La majorité des multinationales qui s’implantent en Afrique ou ailleurs ont une approche de la responsabilité sociale qui s’articule du haut vers le bas. Ces entreprises étrangères contribuent certes au développement socioéconomique des communautés, mais est-ce que cela correspond aux besoins réels de la collectivité? Armel Brice Adanhounme, professeur de relations industrielles à l’École de gestion de l’Université du Québec à Trois-Rivières (UQTR) s’intéresse au rôle des acteurs locaux dans la gouvernance des entreprises en s’inspirant du modèle inverse, une approche du bas vers le haut.
Le développement des entreprises multinationales en Afrique subsaharienne engendre des changements importants dans la vie des communautés où elles s’implantent. Elles assument certes leurs responsabilités sociales en finançant par exemple certaines infrastructures essentielles à leur projet, comme la construction de routes, d’écoles, de centre de santé, etc. «Mais dans cette perspective de gouvernance, est-ce que l’entreprise tient vraiment compte des besoins réels des gens du bas, ceux qui vivent dans les communautés concernées par leur venue?», questionne le professeur Adanhounme, natif du Bénin.
Dans le cadre des programmes, surtout philanthropiques, en responsabilité sociale par lesquelles les entreprises souhaitent partager avec leur communauté riveraine les richesses produites par leur exploitation, il se pose de plus en plus la question de la gouvernance de ces entreprises en vue du développement socioéconomique des communautés.
Pour explorer la question du rôle des acteurs locaux dans la gouvernance des entreprises multinationales et leur responsabilité sociale, Armel Brice Adanhounme a initié un projet de recherche-action unissant des collègues universitaires et des collaborateurs de la société civile du Bénin, de la Côte d’Ivoire et du Canada. Cette approche du bas vers le haut, très peu documentée dans la littérature scientifique, va se dérouler avec en toile de fond des études de cas portant sur des entreprises minières et agroalimentaires d’origine européenne et asiatique.
Le projet subventionné à la hauteur de 200 000$ par le Conseil de recherches en sciences humaines du Canada va s’échelonner sur trois ans. Il vise dans un premier temps à répertorier les ressources et les capacités institutionnelles à la portée des acteurs locaux dans le processus d’institutionnalisation de la responsabilité sociale des entreprises. Les chercheurs complètent actuellement la collecte d’information en initiant des rencontres sur le terrain au Bénin et en Côte d’Ivoire avec des travailleurs des communautés rurales, des chefs de clans et des gestionnaires.

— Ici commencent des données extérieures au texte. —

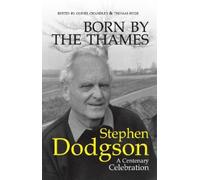 Thomas Hyde Born by the Thames (Tascabile)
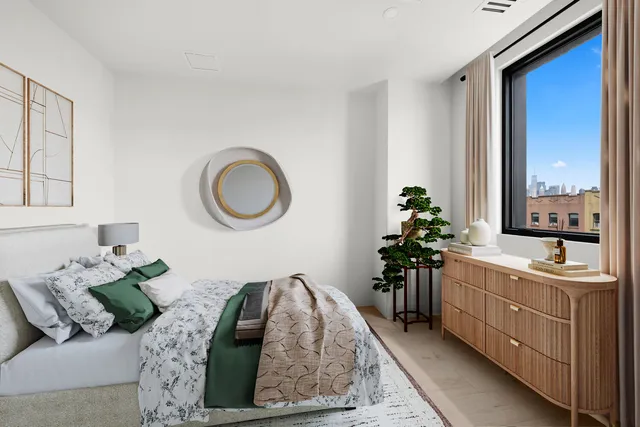 $3,500,000 | 78 1st Place, Unit PH | Carroll Gardens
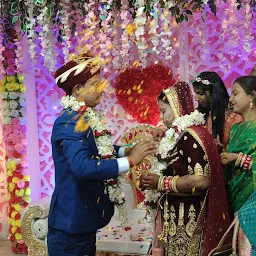 Raj Laxmi Vatika Marriage Hall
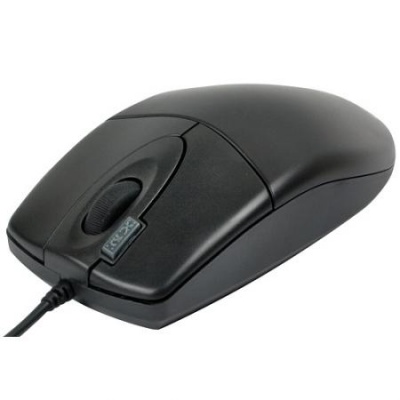 Imagine Mouse Optic PS2 A4Tech PS/2, OP-620D-B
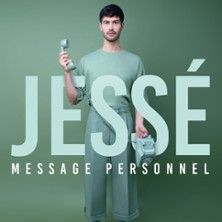 Jessé - Concert à Paris au Théâtre des Mathurins le 6 juin 2026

Le second objectif poursuivi par les chercheurs consiste à initier les acteurs de la société civile aux modalités de négociation et de dialogue social avec les acteurs corporatifs, étatiques et les communautés. Au final, en ayant voix au chapitre dans le concept de responsabilité sociale, les membres de la communauté pourraient partager leurs besoins avec les dirigeants de l’entreprise. Ainsi, la contribution au développement pourra prendre la forme de bourses pour aider les jeunes à fréquenter une université dans la capitale ou encore de construire une école dans un village voisin où les besoins sont plus pressants que dans la zone immédiate de l’entreprise, par exemple.
L’objectif ultime des chercheurs est de développer des outils avec les acteurs locaux et élaborer les modalités de diffusion et de formation pour ces acteurs à l’importance des institutions locales dans le processus de responsabilité sociale de l’entreprise. «Comme universitaires, notre souhait est que le projet contribue à la formation de nos étudiants ici au Canada et en Afrique à cette problématique de la gouvernance par le bas des entreprises. Et comme chercheurs engagés, nous souhaitons également contribuer à mieux comprendre, afin d’y répondre, aux questions de justice sociale dans nos économies mondialisées dans lesquelles les multinationales jouent de plus en plus un rôle charnière», a conclu le chercheur de l’École de gestion de l’UQTR.
Outre le professeur Adanhounme de l’UQTR, les membres de l’équipe de recherche sont: E. Adelle Blackett (McGill University); Jeanne G. Zoundjihekpon (Université d’Abomey-Calavi); Aguidioli Chrysal Kénoukon (Université d’Abomey-Calavi, Bénin); Martin P. Dumas (Université Laval); Nanga Silué (Université Alassane Ouattara de Bouaké, Côte d’Ivoire); Aurélien C. Atidégla (Dynamique OSCAF, Bénin); René M. Ségbénou (Jinukun – Copagen, Bénin).